Voice mail can mean the difference between landing a deal or losing it at real estate firm Boston Realty Advisors.
So the company's 28-year-old founder recently hooked up all 30 of his employees with SimulScribe, a service that, for $15 a month per user, transcribes voice messages into text files and e-mails them to users. The result, says the founder, is a more efficient workforce.
SimulScribe is one several services designed to streamline voice mail that are featured in a recent Inc. article which, rather unfortunately, refers to them as "voice mail 2.0." While the 2.0 terminology sets our teeth on edge, we agree that the services sound useful, especially for companies where employees are often on-the-go.

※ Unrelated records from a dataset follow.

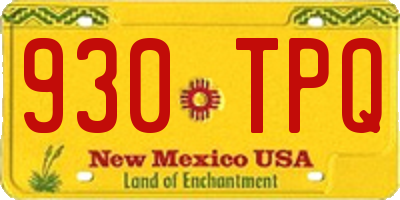 NM license plate 930TPQ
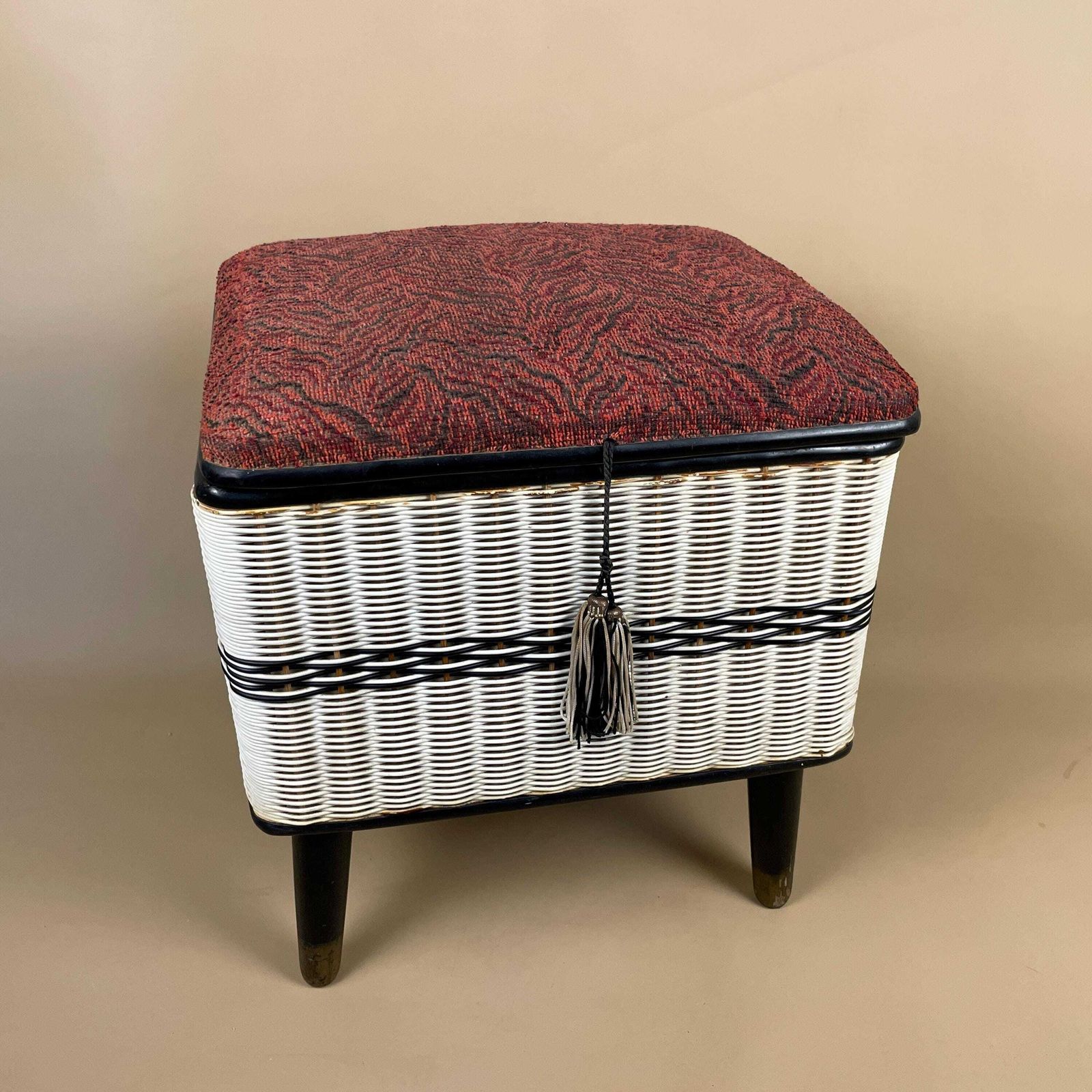 Vintage Sewing Box Black & White Wicker Wooden Legs Upholstered Red Top Small Retro Tassel Front Red Lining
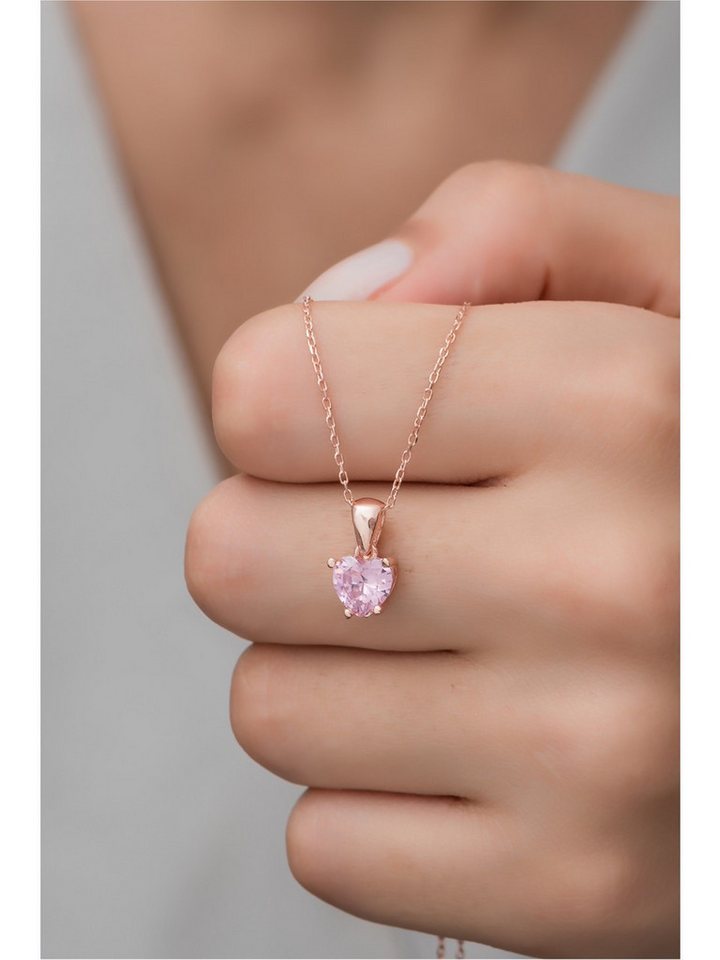 Nisan Ohrring-Set, 925er Silber Halskette – Rosévergoldet mit rosa Zirkonia Herz-Anhänger von Nisan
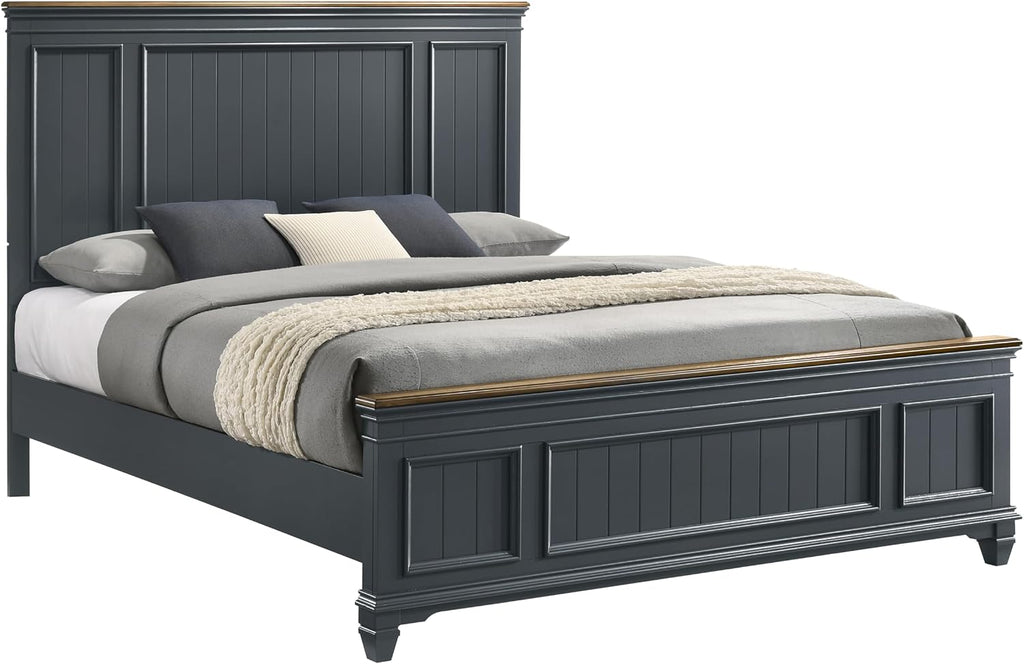 Roundhill Furniture Riverton Shiplap Wood Panel Bed, Slate Blue
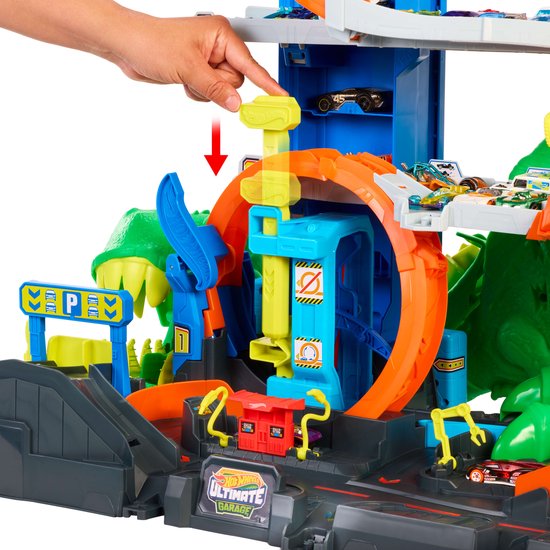 Hot Wheels City Ultieme T-Rex Garage - met 2 speelgoedauto's en opbergruimte voor meer dan 50 auto's van Hot Wheels — afbeelding 5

The founder of a start-up called GotVoice tells Inc. that the target demographic for his company's service -- which uses an automatic dialing system to log in to multiple voice mail accounts, records the messages, and e-mails them to users as MP3 files -- is "anyone who's busy, can't miss a call, and hates to check messages."
That description -- while it could apply to folks at a company of any size -- seems especially likely to be true for SMB employees.
Not surprisingly, these services are part of a broader market trend. Analyst firm In-Stat recently predicted that traditional voice mail systems could exit the market within two-and-a-half years as companies opt for more robust unified messaging systems.